The material below has pictures in it. Set down only the lines from the line containing "B-Ware KAWOLA Stuhl" through the line containing "Roter Baphomet Böser", word for word, and leave the pictures behind.

*Supplied data*
#####

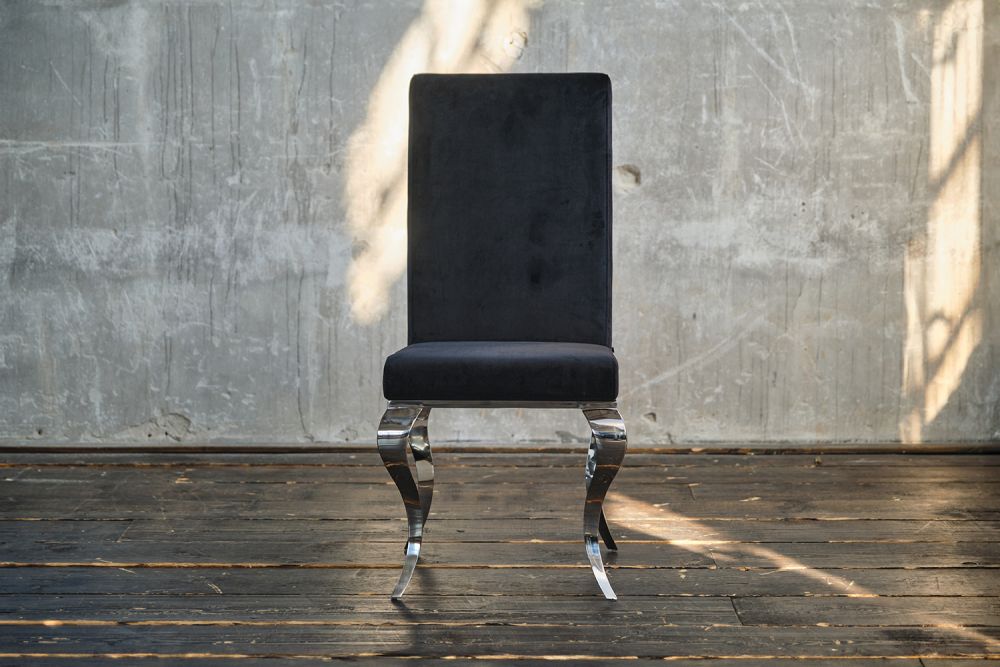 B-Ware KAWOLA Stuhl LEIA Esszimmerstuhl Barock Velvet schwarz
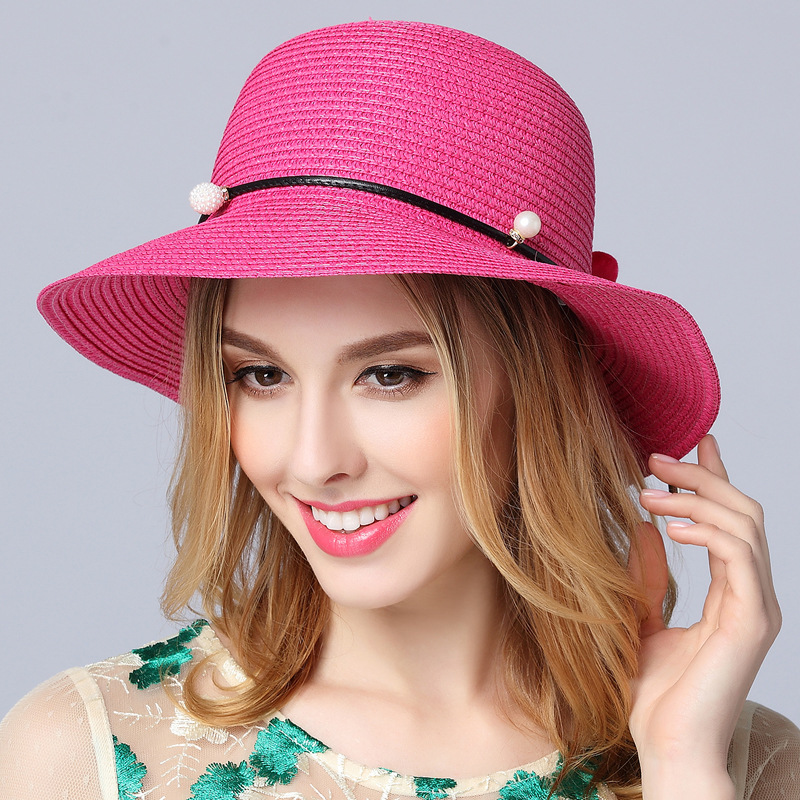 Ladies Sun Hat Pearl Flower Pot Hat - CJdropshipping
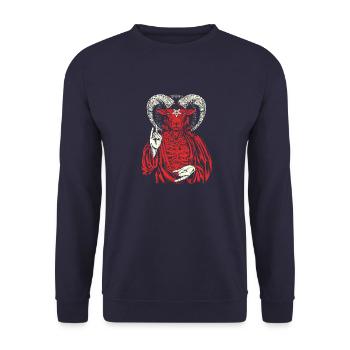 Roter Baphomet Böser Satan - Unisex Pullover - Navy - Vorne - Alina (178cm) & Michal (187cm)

#####

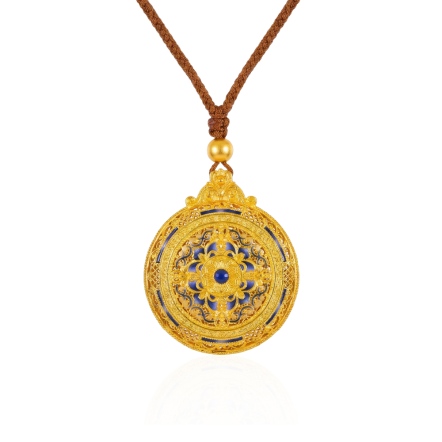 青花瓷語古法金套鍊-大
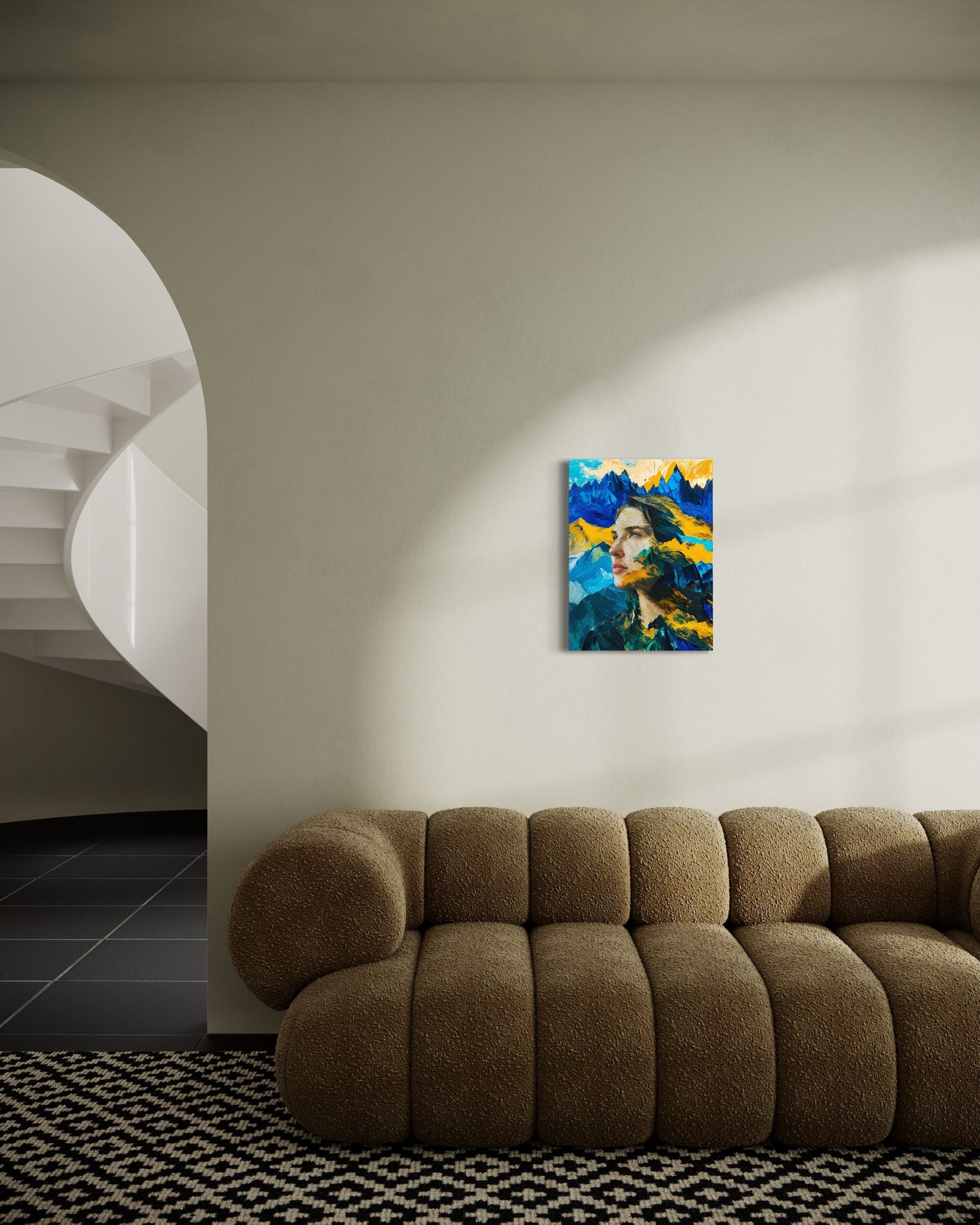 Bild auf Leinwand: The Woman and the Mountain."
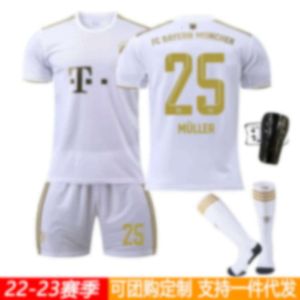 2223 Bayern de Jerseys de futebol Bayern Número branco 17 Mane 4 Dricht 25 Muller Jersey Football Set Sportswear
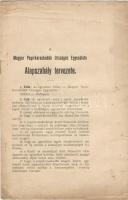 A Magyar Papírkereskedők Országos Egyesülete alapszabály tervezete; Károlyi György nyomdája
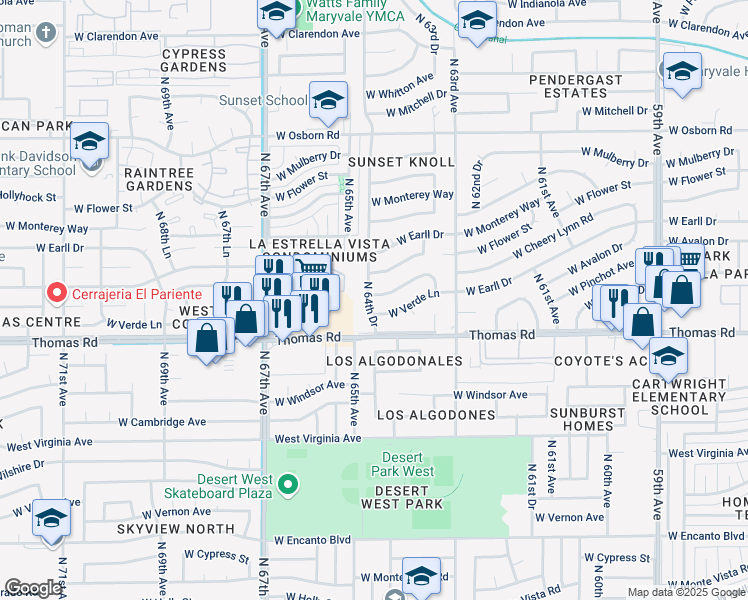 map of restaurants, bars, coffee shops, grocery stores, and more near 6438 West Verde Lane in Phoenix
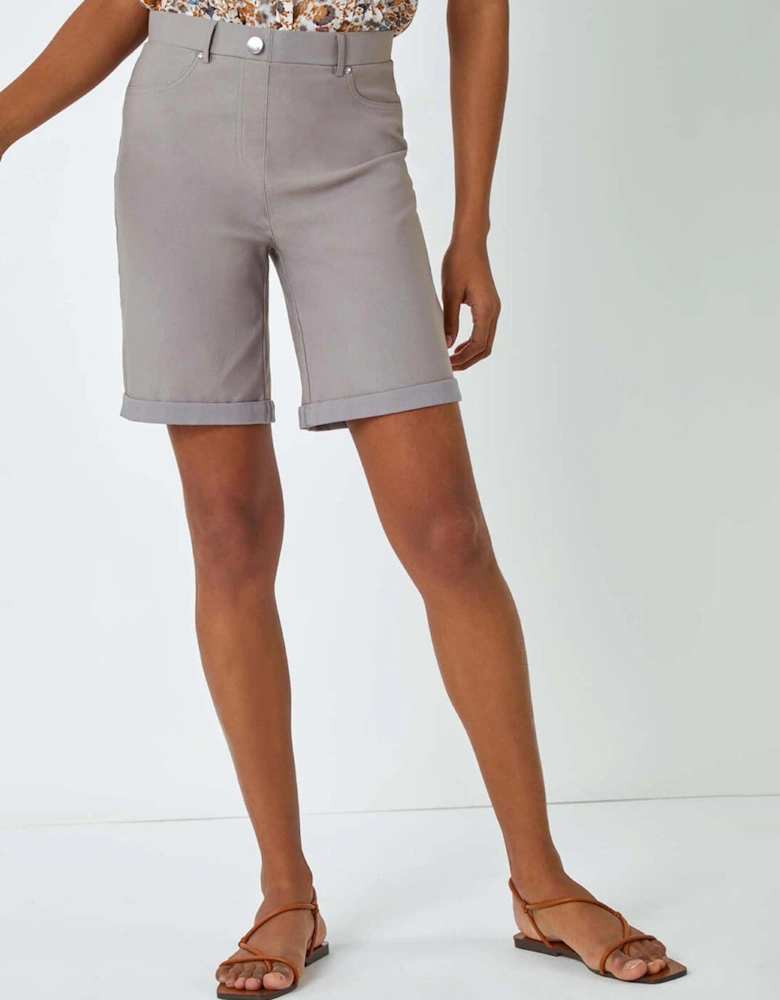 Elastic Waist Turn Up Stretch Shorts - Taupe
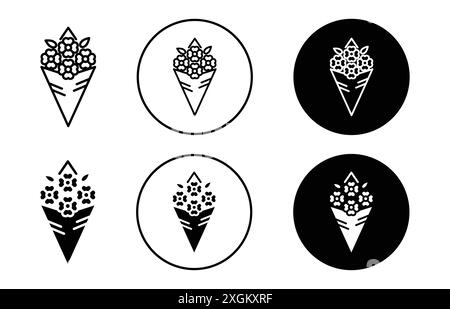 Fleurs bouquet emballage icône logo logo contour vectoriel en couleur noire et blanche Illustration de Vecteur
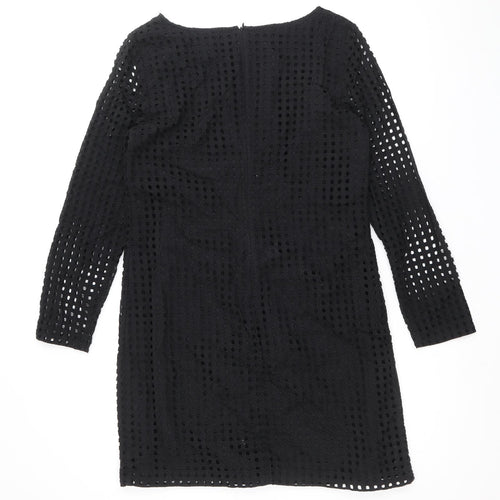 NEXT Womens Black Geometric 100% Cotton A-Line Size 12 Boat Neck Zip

#####

*Exercise response*
 B-Ware KAWOLA Stuhl LEIA Esszimmerstuhl Barock Velvet schwarz
 Ladies Sun Hat Pearl Flower Pot Hat - CJdropshipping
 Roter Baphomet Böser Satan - Unisex Pullover - Navy - Vorne - Alina (178cm) & Michal (187cm)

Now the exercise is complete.